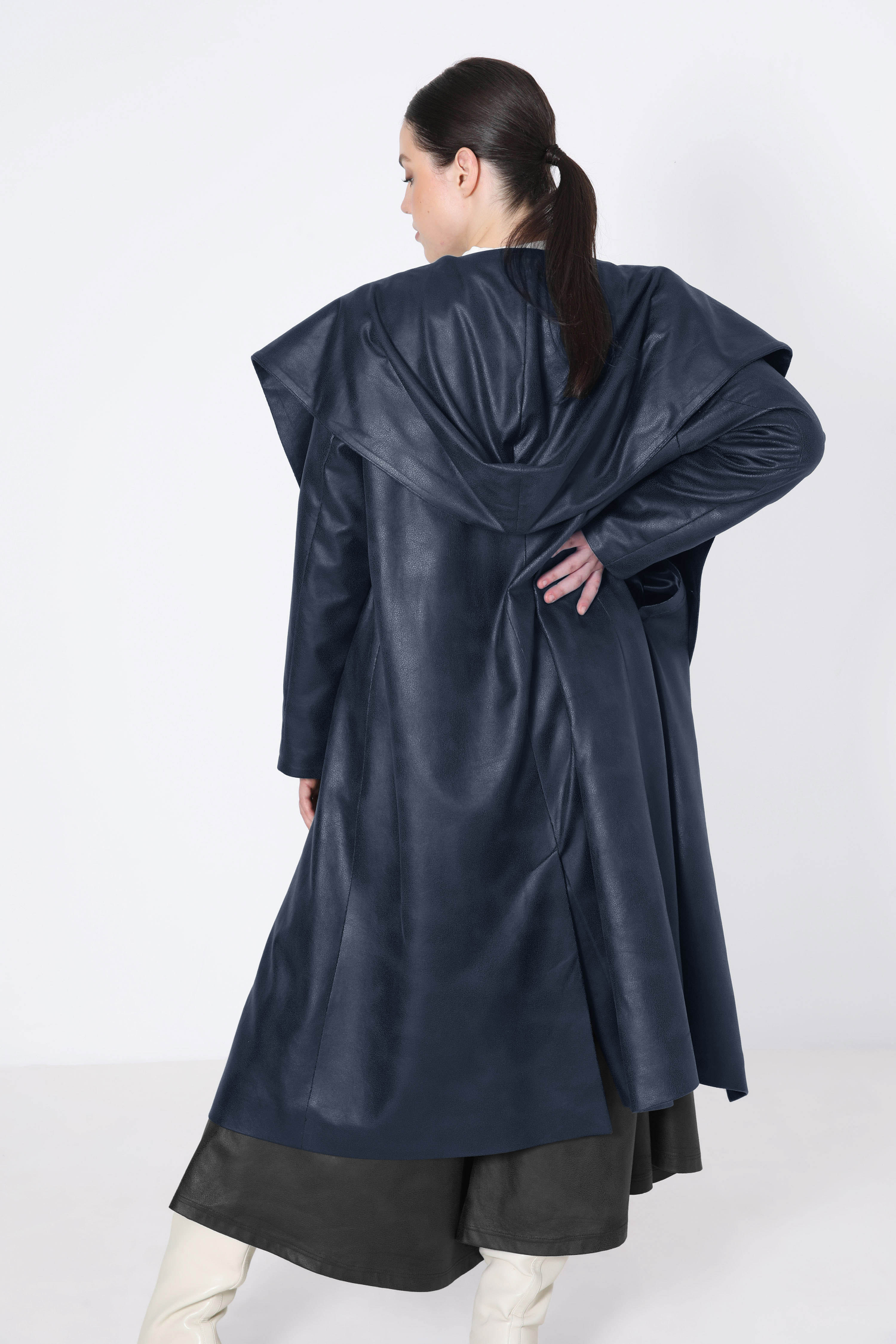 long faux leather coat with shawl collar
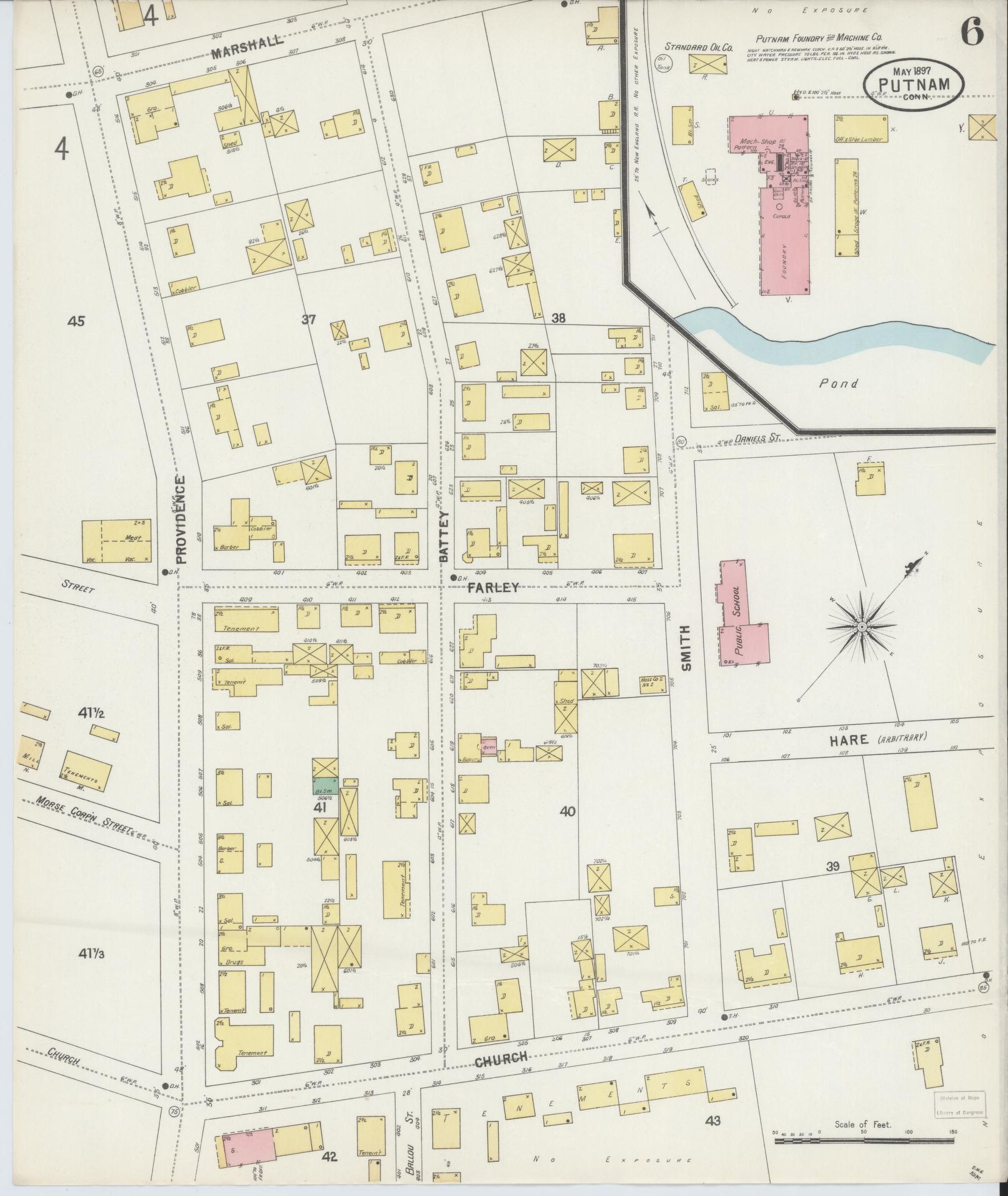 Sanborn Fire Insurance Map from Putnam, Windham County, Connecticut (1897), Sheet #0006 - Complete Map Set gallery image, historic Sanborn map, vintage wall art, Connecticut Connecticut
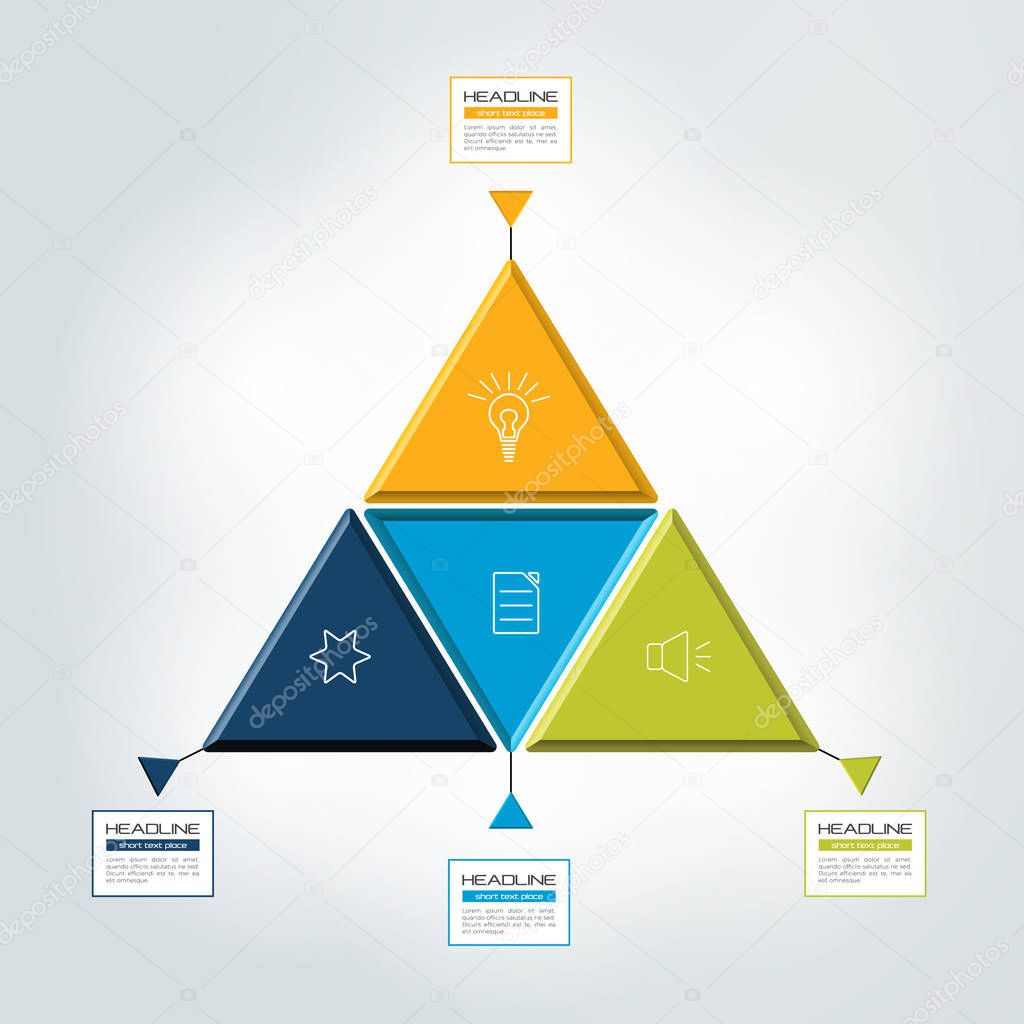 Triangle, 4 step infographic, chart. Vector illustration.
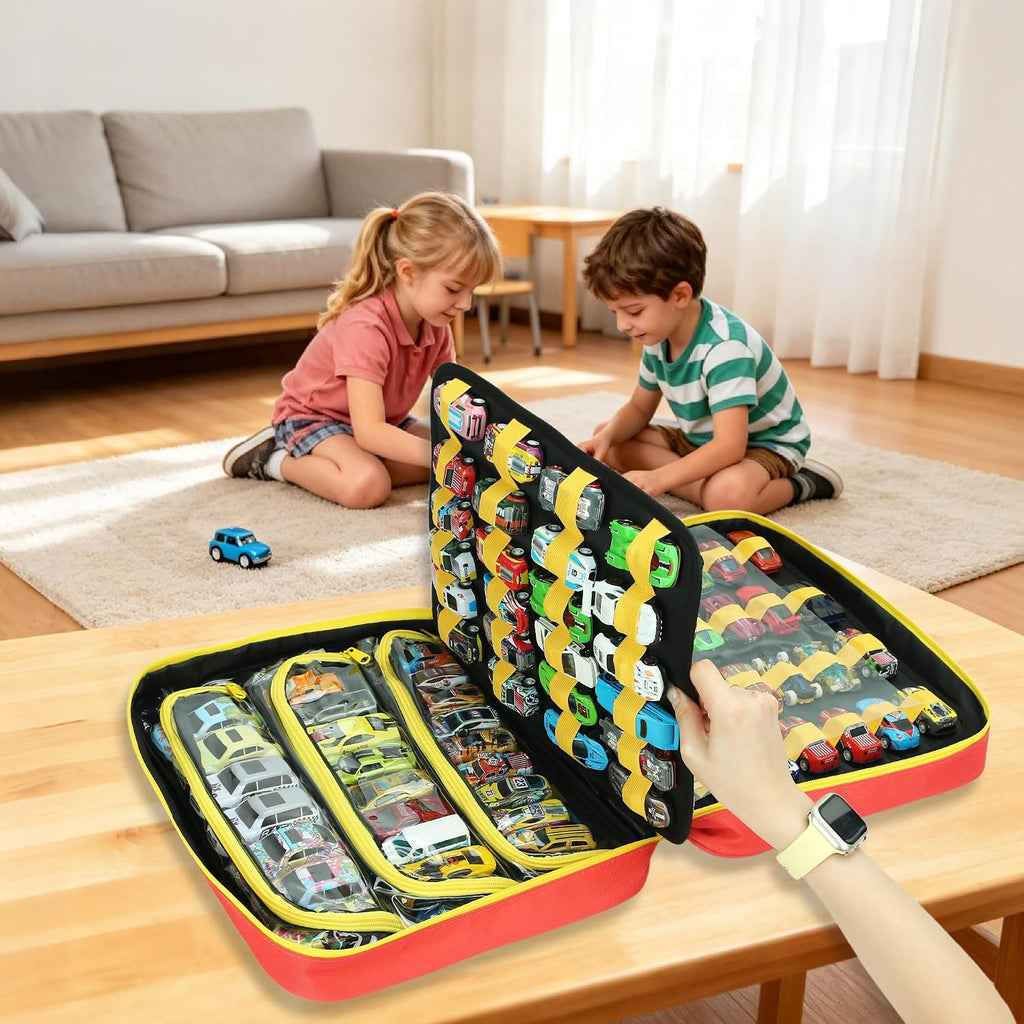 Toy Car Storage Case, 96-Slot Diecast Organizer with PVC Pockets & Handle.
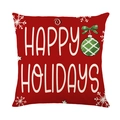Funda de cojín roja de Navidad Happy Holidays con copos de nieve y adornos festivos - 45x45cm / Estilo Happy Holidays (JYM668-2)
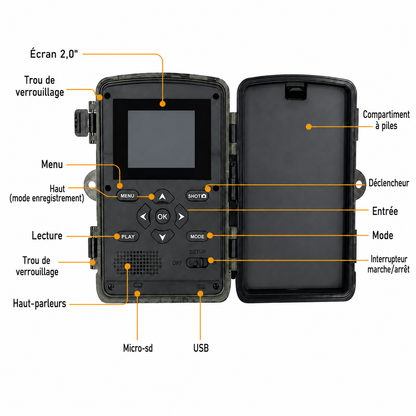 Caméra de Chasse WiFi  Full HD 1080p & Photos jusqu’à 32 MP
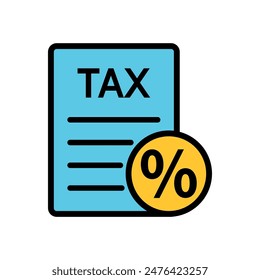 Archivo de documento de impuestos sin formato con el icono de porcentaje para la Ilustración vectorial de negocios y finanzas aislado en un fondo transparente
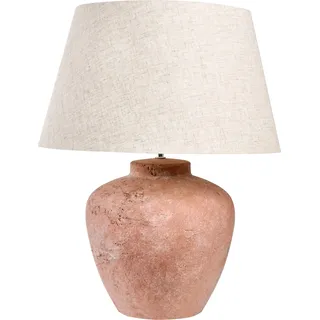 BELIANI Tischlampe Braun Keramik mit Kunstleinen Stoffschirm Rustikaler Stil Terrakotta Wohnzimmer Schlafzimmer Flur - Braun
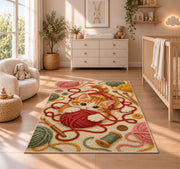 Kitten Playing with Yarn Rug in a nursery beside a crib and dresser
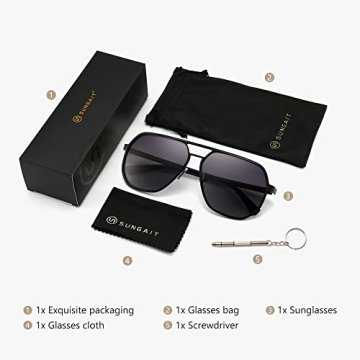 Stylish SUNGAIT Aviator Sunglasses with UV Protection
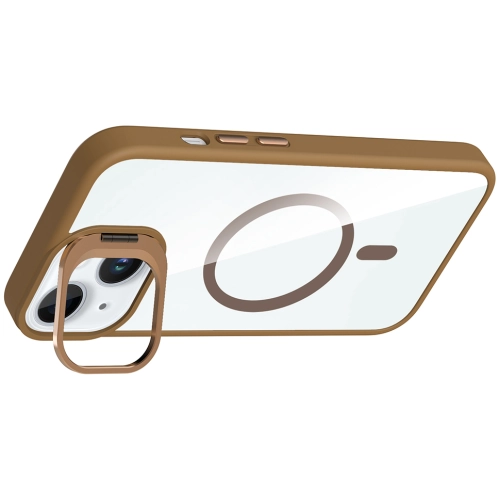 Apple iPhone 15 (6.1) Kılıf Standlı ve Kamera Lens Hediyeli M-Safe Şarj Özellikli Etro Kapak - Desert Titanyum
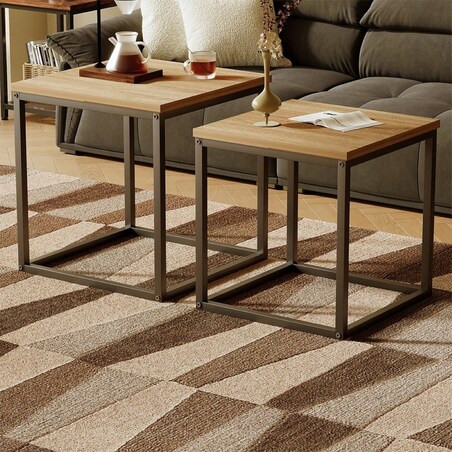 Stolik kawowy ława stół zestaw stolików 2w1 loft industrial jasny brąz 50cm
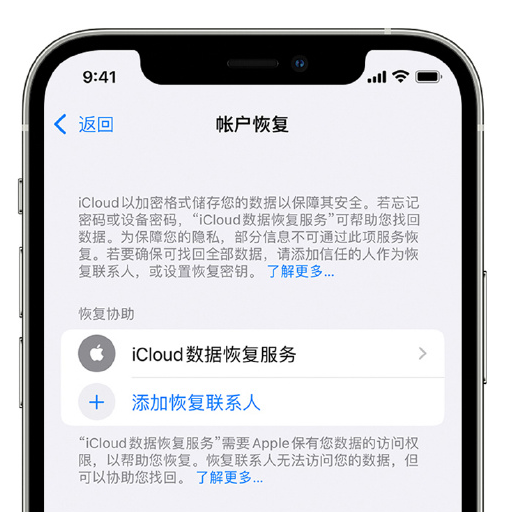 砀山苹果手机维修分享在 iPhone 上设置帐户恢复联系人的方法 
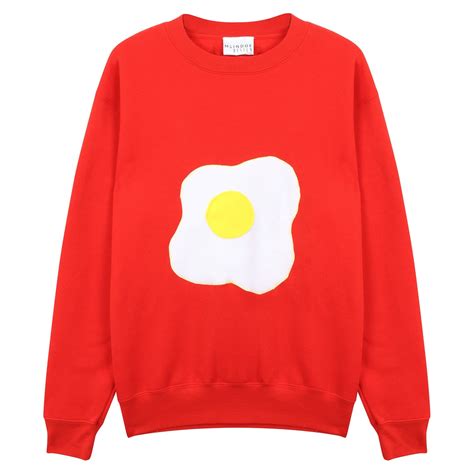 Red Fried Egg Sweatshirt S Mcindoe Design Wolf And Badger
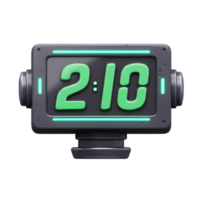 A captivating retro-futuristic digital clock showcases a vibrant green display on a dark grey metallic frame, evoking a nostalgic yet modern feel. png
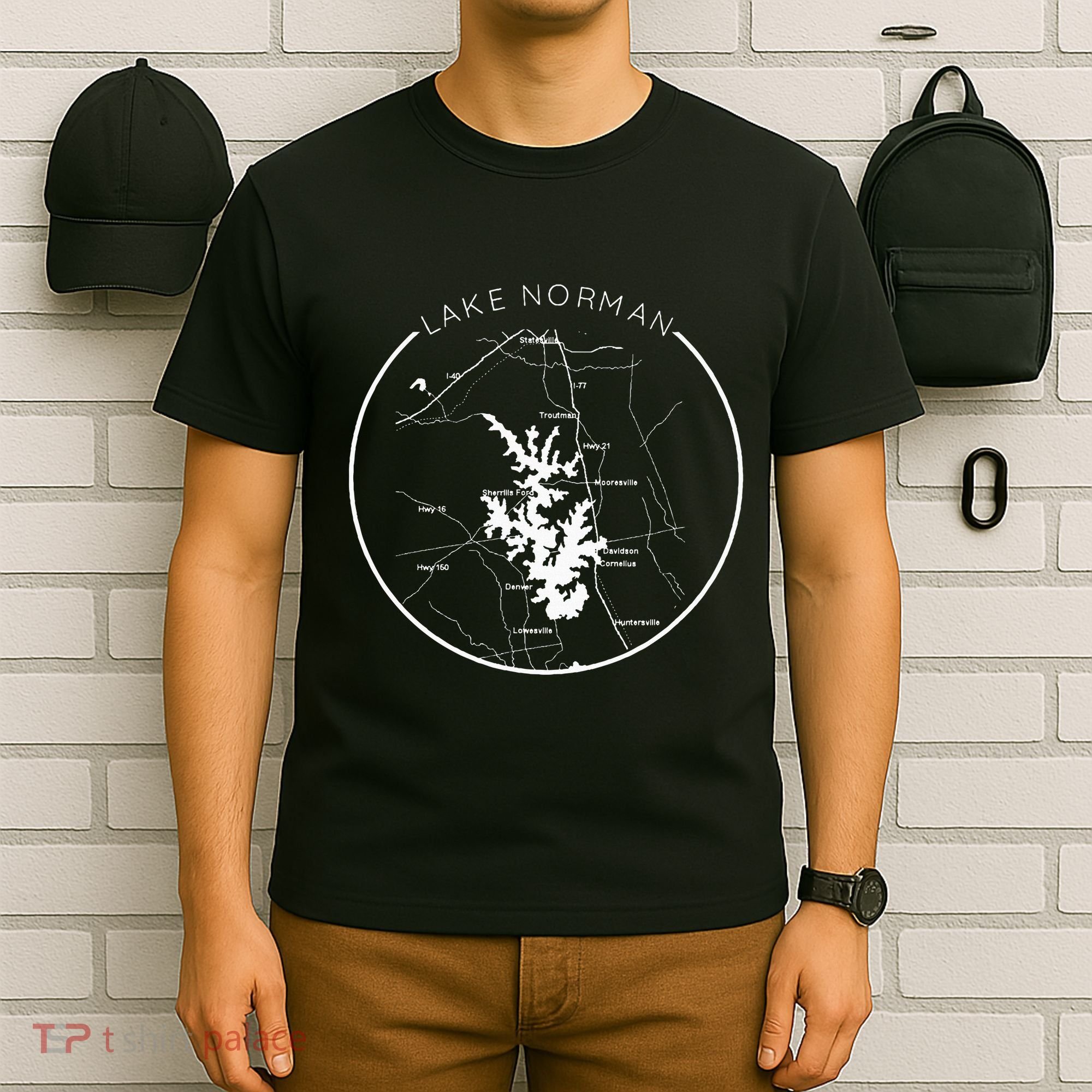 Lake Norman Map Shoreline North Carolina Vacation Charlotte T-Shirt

* **PROBLEM REQUIREMENTS**
From the line holding "Archivo de documento" to the line holding "Stolik kawowy ława", both included, retype the entries above exactly and drop the pictures.

* **SOLUTION TO THIS TASK**
 Archivo de documento de impuestos sin formato con el icono de porcentaje para la Ilustración vectorial de negocios y finanzas aislado en un fondo transparente
 BELIANI Tischlampe Braun Keramik mit Kunstleinen Stoffschirm Rustikaler Stil Terrakotta Wohnzimmer Schlafzimmer Flur - Braun
 Kitten Playing with Yarn Rug in a nursery beside a crib and dresser
 Stylish SUNGAIT Aviator Sunglasses with UV Protection
 Apple iPhone 15 (6.1) Kılıf Standlı ve Kamera Lens Hediyeli M-Safe Şarj Özellikli Etro Kapak - Desert Titanyum
 Stolik kawowy ława stół zestaw stolików 2w1 loft industrial jasny brąz 50cm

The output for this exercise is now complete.